** Problem statement **
Reproduce the entries in full, with no changes.

** Supplied records **
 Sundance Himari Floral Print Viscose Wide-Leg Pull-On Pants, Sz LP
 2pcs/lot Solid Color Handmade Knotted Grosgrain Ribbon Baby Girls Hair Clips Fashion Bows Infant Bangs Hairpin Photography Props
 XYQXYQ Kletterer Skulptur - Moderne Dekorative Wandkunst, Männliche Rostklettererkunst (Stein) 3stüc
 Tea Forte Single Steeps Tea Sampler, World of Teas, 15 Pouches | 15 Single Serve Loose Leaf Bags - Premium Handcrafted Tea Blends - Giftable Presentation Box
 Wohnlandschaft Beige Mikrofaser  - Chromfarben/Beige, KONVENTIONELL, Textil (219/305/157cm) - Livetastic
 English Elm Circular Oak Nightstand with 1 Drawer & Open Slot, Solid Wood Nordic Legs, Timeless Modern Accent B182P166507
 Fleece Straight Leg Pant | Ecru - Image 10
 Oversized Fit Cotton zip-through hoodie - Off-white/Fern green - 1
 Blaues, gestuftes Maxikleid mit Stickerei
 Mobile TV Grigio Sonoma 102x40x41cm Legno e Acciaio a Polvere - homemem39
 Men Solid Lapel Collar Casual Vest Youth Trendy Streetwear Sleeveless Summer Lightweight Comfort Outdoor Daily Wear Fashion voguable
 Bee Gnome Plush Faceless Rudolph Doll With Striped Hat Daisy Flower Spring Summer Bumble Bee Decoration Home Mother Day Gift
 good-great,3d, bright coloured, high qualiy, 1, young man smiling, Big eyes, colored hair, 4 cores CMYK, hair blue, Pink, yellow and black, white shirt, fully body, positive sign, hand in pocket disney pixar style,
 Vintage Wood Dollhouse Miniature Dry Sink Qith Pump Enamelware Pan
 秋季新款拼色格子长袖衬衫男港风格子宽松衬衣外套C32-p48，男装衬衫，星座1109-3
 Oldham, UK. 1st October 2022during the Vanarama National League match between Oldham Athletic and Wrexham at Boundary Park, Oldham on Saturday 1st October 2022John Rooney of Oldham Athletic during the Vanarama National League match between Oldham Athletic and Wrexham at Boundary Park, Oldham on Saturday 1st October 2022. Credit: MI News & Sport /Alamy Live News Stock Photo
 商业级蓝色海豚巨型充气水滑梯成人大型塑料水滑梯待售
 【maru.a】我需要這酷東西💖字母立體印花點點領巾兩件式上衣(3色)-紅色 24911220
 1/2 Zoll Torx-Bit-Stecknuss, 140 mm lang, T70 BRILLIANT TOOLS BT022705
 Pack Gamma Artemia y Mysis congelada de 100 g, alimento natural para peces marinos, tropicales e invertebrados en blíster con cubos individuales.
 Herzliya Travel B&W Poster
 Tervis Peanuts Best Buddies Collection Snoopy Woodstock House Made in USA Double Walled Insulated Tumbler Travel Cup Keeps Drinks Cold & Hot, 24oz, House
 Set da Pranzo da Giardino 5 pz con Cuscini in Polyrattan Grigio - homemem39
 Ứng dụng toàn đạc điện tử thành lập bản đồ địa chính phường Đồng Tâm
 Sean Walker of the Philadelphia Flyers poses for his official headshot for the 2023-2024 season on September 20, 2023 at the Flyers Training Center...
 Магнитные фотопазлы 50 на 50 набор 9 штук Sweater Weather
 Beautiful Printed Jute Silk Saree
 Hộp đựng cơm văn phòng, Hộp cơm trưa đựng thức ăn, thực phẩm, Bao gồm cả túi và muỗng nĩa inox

** Written answer **
 Sundance Himari Floral Print Viscose Wide-Leg Pull-On Pants, Sz LP
 2pcs/lot Solid Color Handmade Knotted Grosgrain Ribbon Baby Girls Hair Clips Fashion Bows Infant Bangs Hairpin Photography Props
 XYQXYQ Kletterer Skulptur - Moderne Dekorative Wandkunst, Männliche Rostklettererkunst (Stein) 3stüc
 Tea Forte Single Steeps Tea Sampler, World of Teas, 15 Pouches | 15 Single Serve Loose Leaf Bags - Premium Handcrafted Tea Blends - Giftable Presentation Box
 Wohnlandschaft Beige Mikrofaser  - Chromfarben/Beige, KONVENTIONELL, Textil (219/305/157cm) - Livetastic
 English Elm Circular Oak Nightstand with 1 Drawer & Open Slot, Solid Wood Nordic Legs, Timeless Modern Accent B182P166507
 Fleece Straight Leg Pant | Ecru - Image 10
 Oversized Fit Cotton zip-through hoodie - Off-white/Fern green - 1
 Blaues, gestuftes Maxikleid mit Stickerei
 Mobile TV Grigio Sonoma 102x40x41cm Legno e Acciaio a Polvere - homemem39
 Men Solid Lapel Collar Casual Vest Youth Trendy Streetwear Sleeveless Summer Lightweight Comfort Outdoor Daily Wear Fashion voguable
 Bee Gnome Plush Faceless Rudolph Doll With Striped Hat Daisy Flower Spring Summer Bumble Bee Decoration Home Mother Day Gift
 good-great,3d, bright coloured, high qualiy, 1, young man smiling, Big eyes, colored hair, 4 cores CMYK, hair blue, Pink, yellow and black, white shirt, fully body, positive sign, hand in pocket disney pixar style,
 Vintage Wood Dollhouse Miniature Dry Sink Qith Pump Enamelware Pan
 秋季新款拼色格子长袖衬衫男港风格子宽松衬衣外套C32-p48，男装衬衫，星座1109-3
 Oldham, UK. 1st October 2022during the Vanarama National League match between Oldham Athletic and Wrexham at Boundary Park, Oldham on Saturday 1st October 2022John Rooney of Oldham Athletic during the Vanarama National League match between Oldham Athletic and Wrexham at Boundary Park, Oldham on Saturday 1st October 2022. Credit: MI News & Sport /Alamy Live News Stock Photo
 商业级蓝色海豚巨型充气水滑梯成人大型塑料水滑梯待售
 【maru.a】我需要這酷東西💖字母立體印花點點領巾兩件式上衣(3色)-紅色 24911220
 1/2 Zoll Torx-Bit-Stecknuss, 140 mm lang, T70 BRILLIANT TOOLS BT022705
 Pack Gamma Artemia y Mysis congelada de 100 g, alimento natural para peces marinos, tropicales e invertebrados en blíster con cubos individuales.
 Herzliya Travel B&W Poster
 Tervis Peanuts Best Buddies Collection Snoopy Woodstock House Made in USA Double Walled Insulated Tumbler Travel Cup Keeps Drinks Cold & Hot, 24oz, House
 Set da Pranzo da Giardino 5 pz con Cuscini in Polyrattan Grigio - homemem39
 Ứng dụng toàn đạc điện tử thành lập bản đồ địa chính phường Đồng Tâm
 Sean Walker of the Philadelphia Flyers poses for his official headshot for the 2023-2024 season on September 20, 2023 at the Flyers Training Center...
 Магнитные фотопазлы 50 на 50 набор 9 штук Sweater Weather
 Beautiful Printed Jute Silk Saree
 Hộp đựng cơm văn phòng, Hộp cơm trưa đựng thức ăn, thực phẩm, Bao gồm cả túi và muỗng nĩa inox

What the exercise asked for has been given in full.